▶ _What the task asks_: Would you repeat word for word the lines of the listing that follows, from the one with "It acts upon" up to and including the one with "The Ensembl gene", and leave out the images?

▶ _Data provided_:
·····
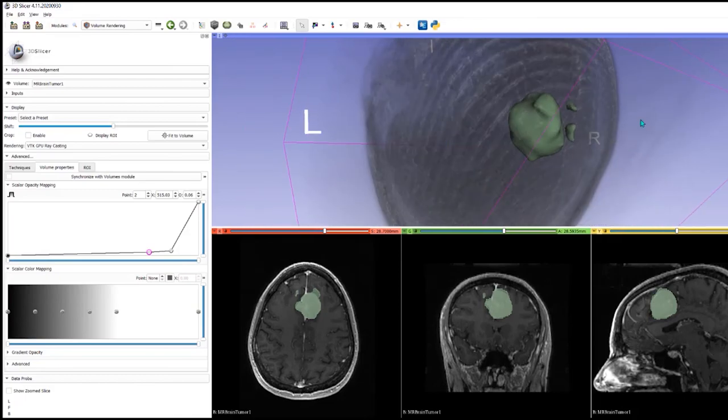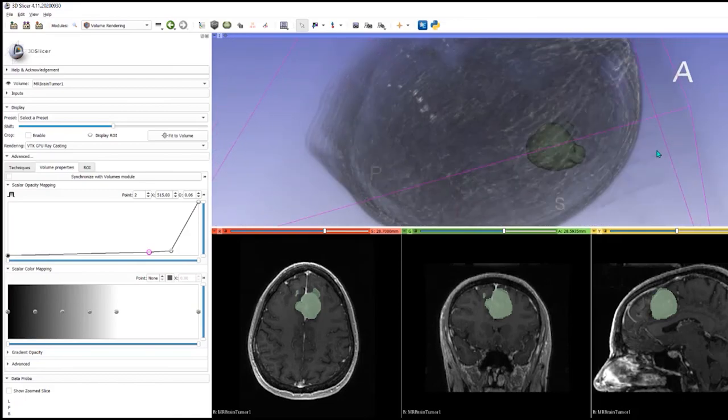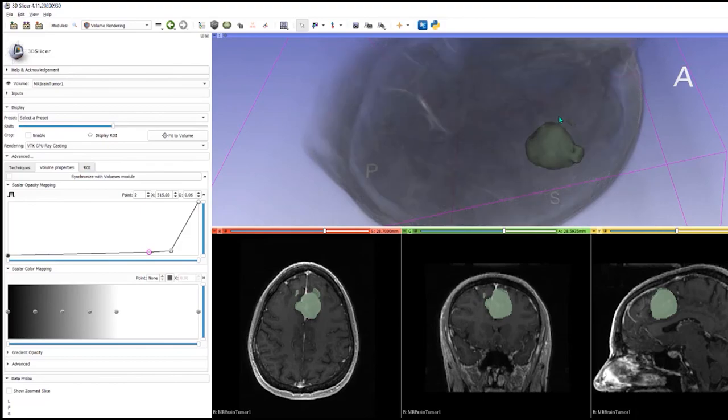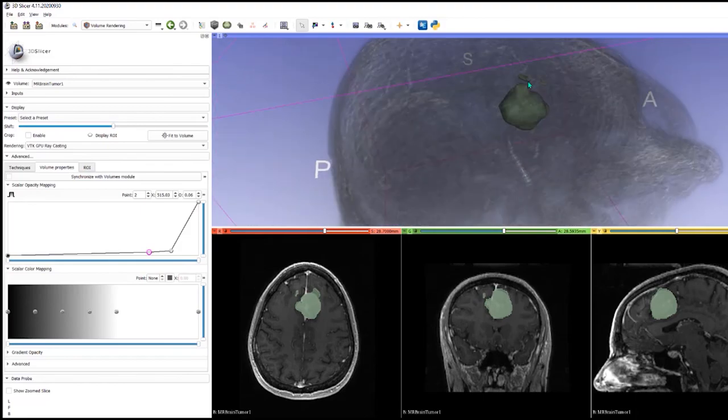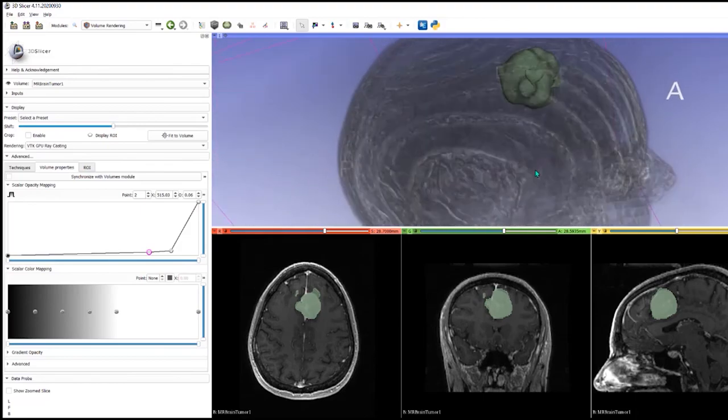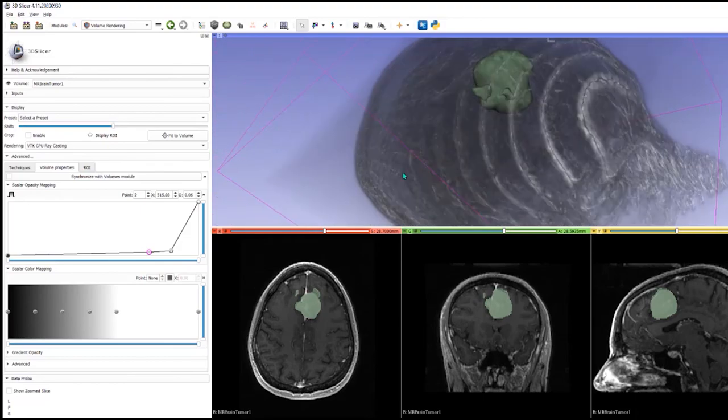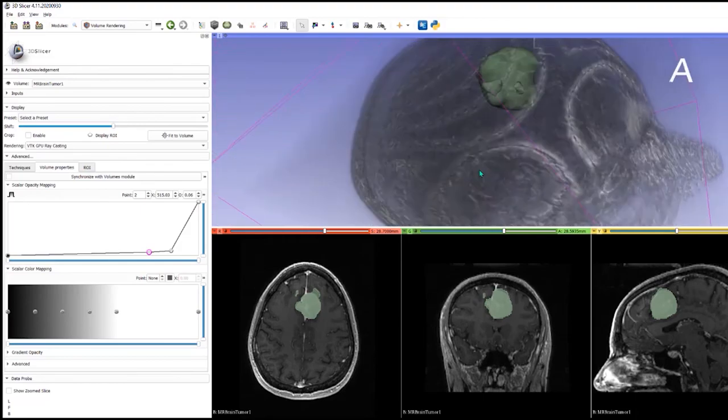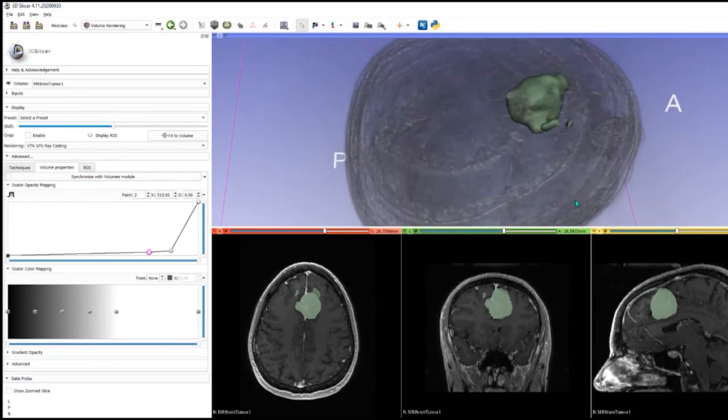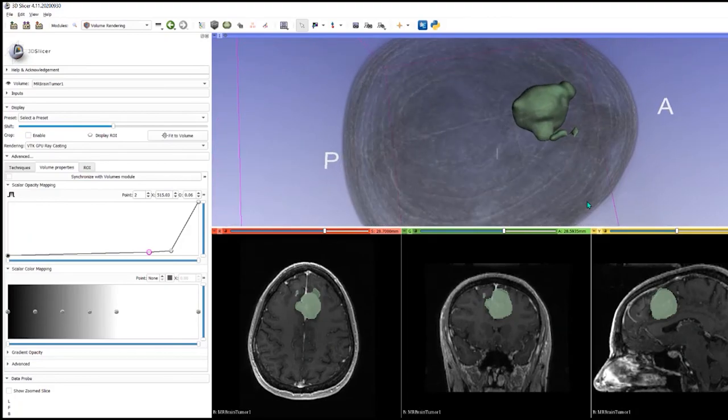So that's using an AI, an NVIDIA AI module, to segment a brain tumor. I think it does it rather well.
·····
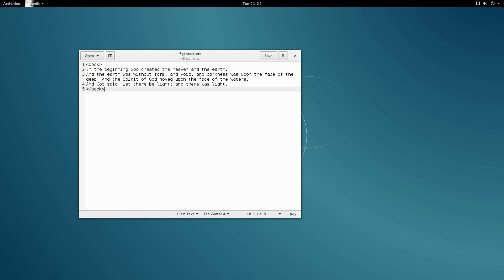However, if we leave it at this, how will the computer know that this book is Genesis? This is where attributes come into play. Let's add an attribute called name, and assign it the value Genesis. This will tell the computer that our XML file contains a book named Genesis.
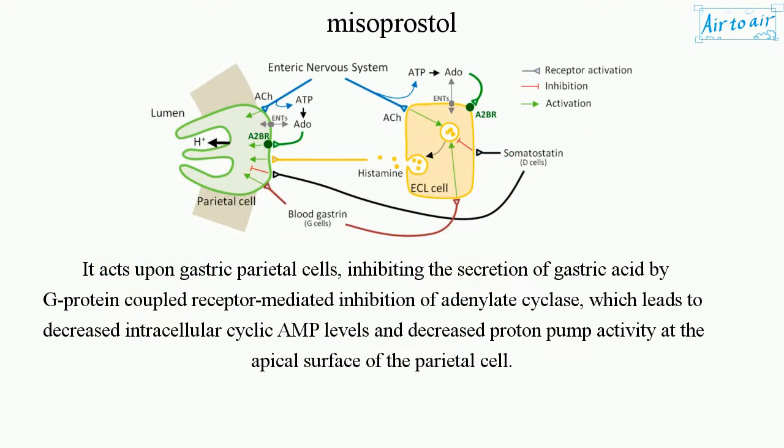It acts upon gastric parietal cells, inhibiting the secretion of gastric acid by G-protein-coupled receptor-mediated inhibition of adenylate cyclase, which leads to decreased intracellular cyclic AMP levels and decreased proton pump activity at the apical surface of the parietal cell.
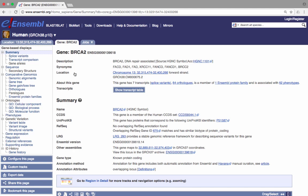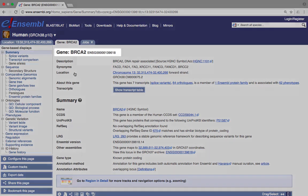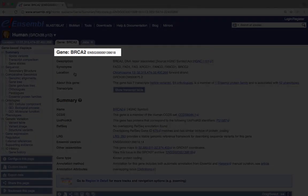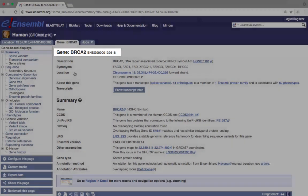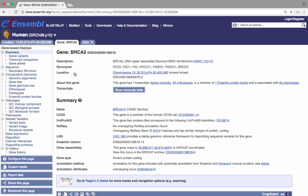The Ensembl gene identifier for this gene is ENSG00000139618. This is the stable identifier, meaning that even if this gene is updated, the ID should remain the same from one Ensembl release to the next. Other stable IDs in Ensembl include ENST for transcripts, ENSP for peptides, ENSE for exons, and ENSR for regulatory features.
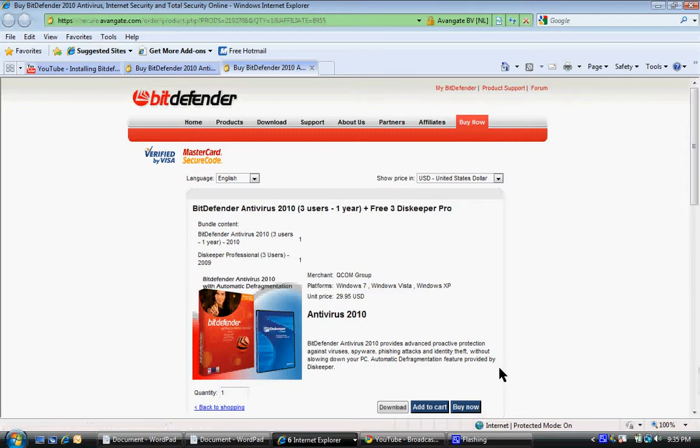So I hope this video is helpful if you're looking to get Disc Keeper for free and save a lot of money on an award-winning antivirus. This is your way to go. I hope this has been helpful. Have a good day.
·····
▶ _Exercise output_:
It acts upon gastric parietal cells, inhibiting the secretion of gastric acid by G-protein-coupled receptor-mediated inhibition of adenylate cyclase, which leads to decreased intracellular cyclic AMP levels and decreased proton pump activity at the apical surface of the parietal cell.
The Ensembl gene identifier for this gene is ENSG00000139618. This is the stable identifier, meaning that even if this gene is updated, the ID should remain the same from one Ensembl release to the next. Other stable IDs in Ensembl include ENST for transcripts, ENSP for peptides, ENSE for exons, and ENSR for regulatory features.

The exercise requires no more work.